Miró la habitación a su alrededor, arriba, al techo con vigas, y luego volvió a contemplar la vista: las banderas se agitaban más, Brunetti se dijo que el viento estaba arreciando. Finalmente el anciano dijo:

—Nunca me gustó este lugar, ¿sabe? Nunca lo sentí como mío. Trabajaba como un burro para pagar el alquiler del pisito de Castello, de modo que era realmente mío. Nuestro. Pero éste llegó con demasiada facilidad; es como si me lo hubiera encontrado o como si se lo hubiera robado a alguien. Todo lo que me trajo fue mala suerte, de modo que será mejor que otra persona se lo quede.

—¿Dónde vive usted? —preguntó Brunetti, bien consciente de que era estúpido plantearle eso a una persona en su propia casa.

Pero Morandi no tuvo dificultad en entenderlo.

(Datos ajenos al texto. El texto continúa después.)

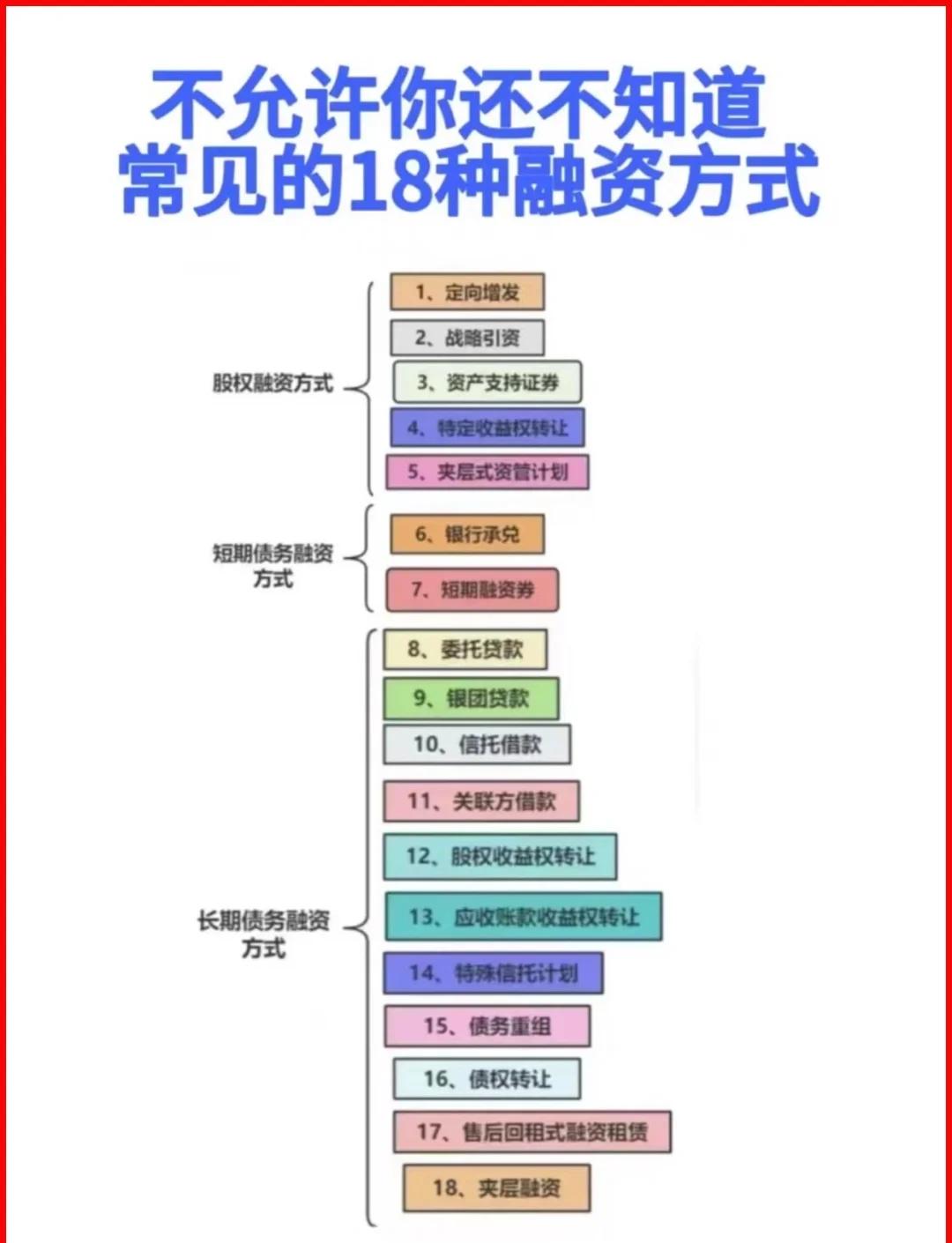 宜春市战略融资成本控制(战略融资意味着什么)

—Paso la mayor parte del tiempo en la cocina. Es la única habitación que caliento. Y mi cuarto, pero allí sólo duermo.

Se volvió, como si se dispusiera a conducir a Brunetti a aquella parte de la casa. Brunetti le dejó dar unos pocos pasos, y mientras el anciano le daba la espalda, sacó la llave del bolsillo y la depositó en la mesa, bajo la ventana.

Brunetti lo llamó, y cuando Morandi regresó lentamente a la ventana, Brunetti le tendió la mano.

—Gracias por permitirme disfrutar de la vista,
signore.
Es maravillosa.

—Lo es, ¿verdad? —dijo el anciano, ignorando la mano de Brunetti, porque sus ojos se fijaban en las cúpulas, las banderas, las nubes que ahora se deslizaban hacia el oeste.

—¿No es triste —continuó Morandi— que pasemos tanto tiempo preocupados por las casas, por tenerlas y por ponerlas bonitas por dentro, cuando la parte más hermosa está ahí fuera, y no hay nada que podamos hacer para cambiarla?

Esta vez fue Morandi quien hizo un gesto en dirección a la basílica, abarcando con la mano la iglesia, el pasado y la gloria que ya no estaban.